Por supuesto, no hay una fórmula mágica que puedan hacer los padres para mitigar esto, sino una suma de propuestas. Algunas de ellas dirigidas al control del uso del móvil, como afirma el catedrático de Harvard y autor de Salmones, hormonas y pantallas (Planeta, 2023): “Se deben establecer reglas claras en casa, limitaciones de edad según la madurez y sin dejarse llevar por lo que hacen los demás, poner suficientes controles parentales y establecer tiempos de uso y ventanas de tiempo donde no se puede usar el móvil. Muchas veces, la mejor regla será no regalarles todavía el móvil. O darles un teléfono tonto, sin conexión a internet”.

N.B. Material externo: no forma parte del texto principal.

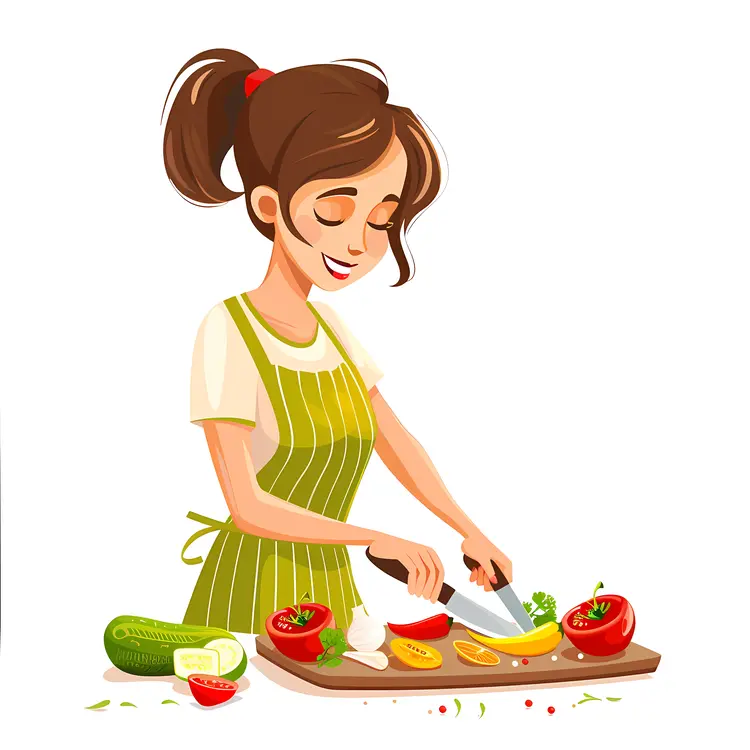 Woman Chopping Vegetables in Kitchen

Además, según el experto, hay que dejar que se frustren, que no consigan lo que quieren a la primera de cambio. “Es la manera que van a tener de aprender”, relata Ortega. “Desde la infancia, hay que enseñarles a saber esperar y a que no se puede tener todo”, añade. También explica que aunque quieran un helado, un juguete o un móvil, si se considera que no es el momento, hay que decirles que no: “Para eso, tendremos que tolerar que llore, que no lo entienda, que se enfade con nosotros, pero pasará”. A cambio, el mensaje que les llega es muy claro y potente.

Esto se consigue, según Martínez, trabajando en dos direcciones: “Hay que desplegar la máxima empatía a la vez que se ejerce la necesaria autoridad. Y todo ello con el prestigio que da el buen ejemplo personal”.